In April, Penn’s Global Education Fund awarded Ghaffar-Kucher one of 12 grants to extend this research beyond the schools and into the supplemental services provided by voluntary agencies and faith-based institutions.
“While this research focuses on a US context,” Ghaffar-Kucher wrote, “its focus on a non-US population within US borders makes it an important global issue.”
For many school-aged refugees, formal education has been interrupted through displacement from home and long periods living in camps. And because many asylum-seekers have witnessed violent uprisings, children may also be dealing with significant trauma.
The refugee experience is different from the immigrant experience, and Ghaffar-Kucher and her colleagues Lesley Bartlett (University of Wisconsin-Madison) and Mary Mendenhall (Teachers College) intend to expand the smaller body of research that specifically addresses refugee students. Their qualitative study will include observations and interviews with students, teachers, and administrators at four school sites in New York City.

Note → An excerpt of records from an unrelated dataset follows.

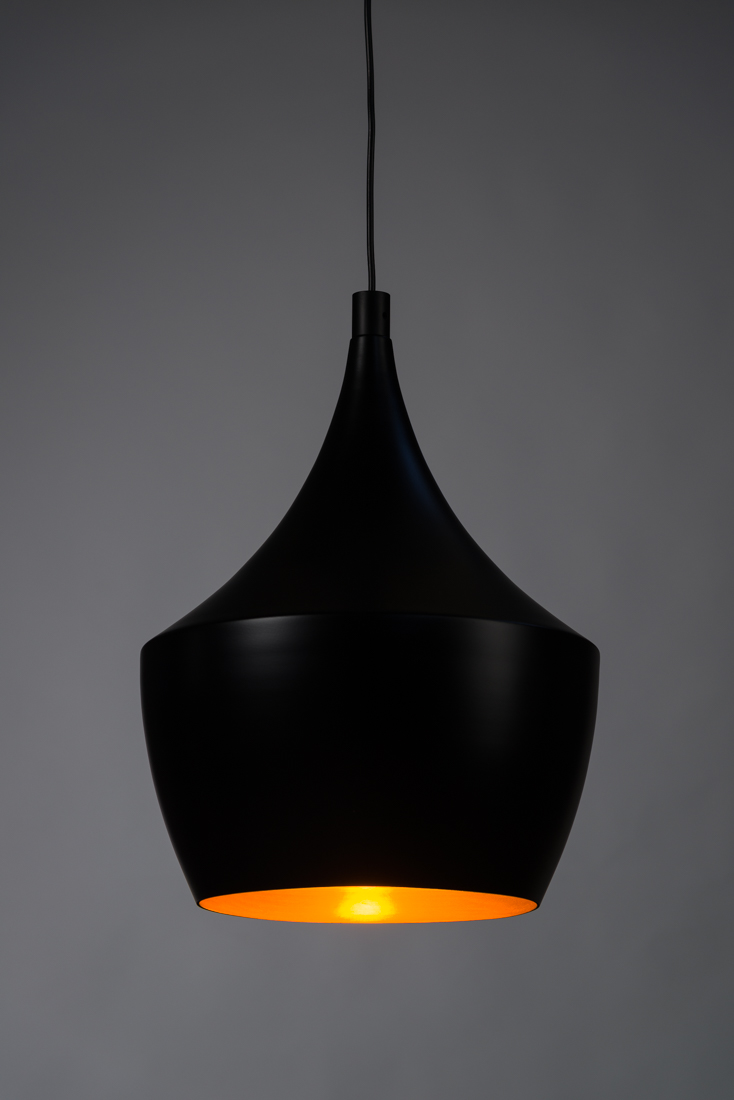 2335755084493 Подвесной светильник Fat без чеканки диаметр 35 ELECTRORETRO Beat - Вид №5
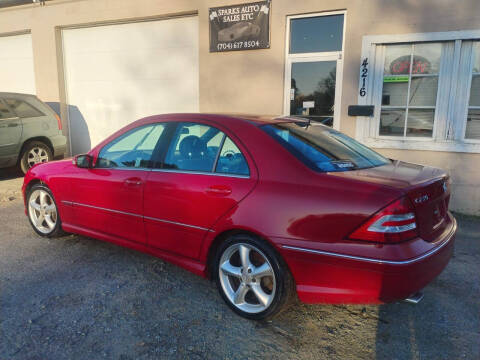 2005 Mercedes-Benz C-Class C 230 Kompressor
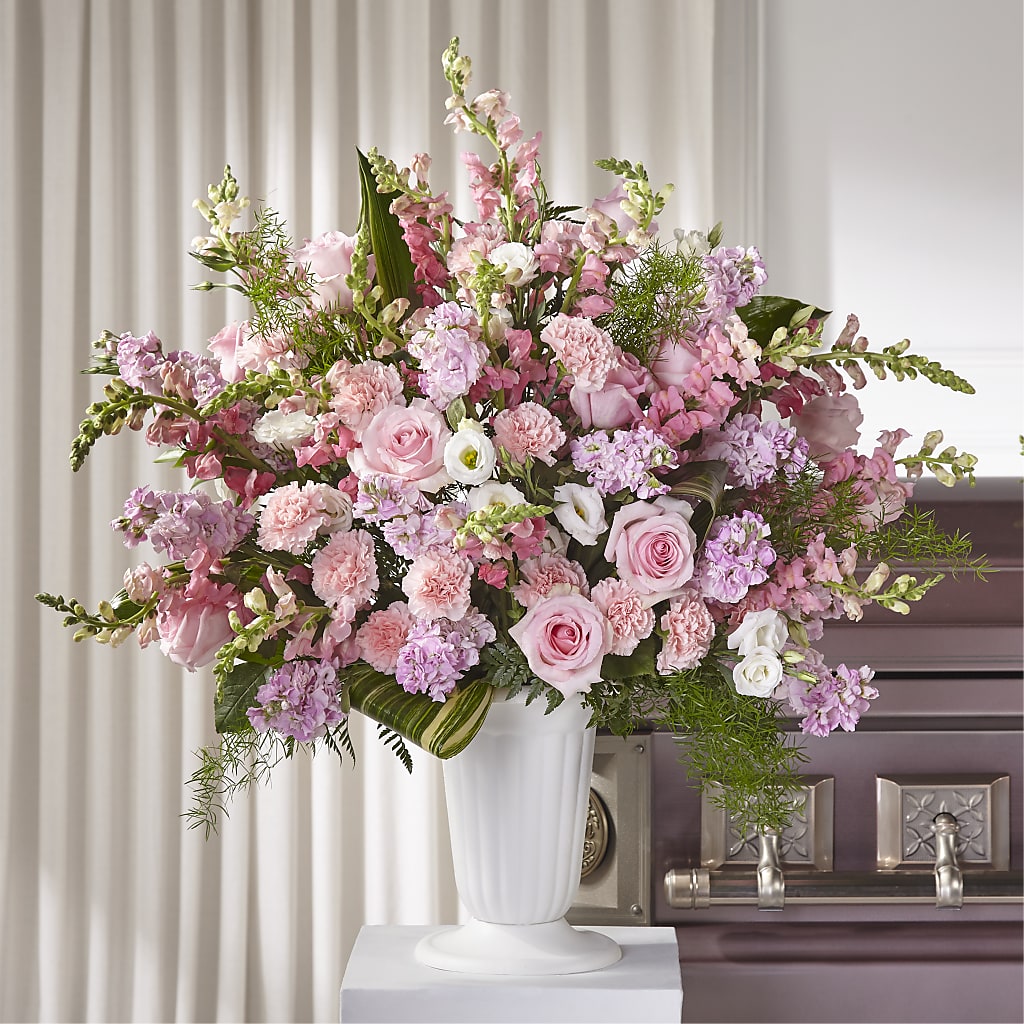 Divine Comfort Arrangement – Designs By Lakeland Flowers, Plant City FL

However, because many factors beyond the school walls contribute to educational success, Ghaffar-Kucher and her colleagues saw an opportunity to expand their research into the role that voluntary agencies and faith-based organizations play in supporting refugee students. While the researchers will employ ethnographic methods such as focus groups and interviews, they are also engaging in participatory media, asking students to help guide the discussion.
“We’re asking youth to take pictures of the people and places they feel help them be successful in school,” Ghaffar-Kucher said. Through this methodology, they hope to bring a deeper level of engagement and discussion to the focus group setting.
Dean Pam Grossman extended her congratulations on Ghaffar-Kucher’s successful proposal. “I look forward to seeing the results of this research,” Grossman said, “as it is evidence of Penn GSE’s commitment to studying global forces in education.”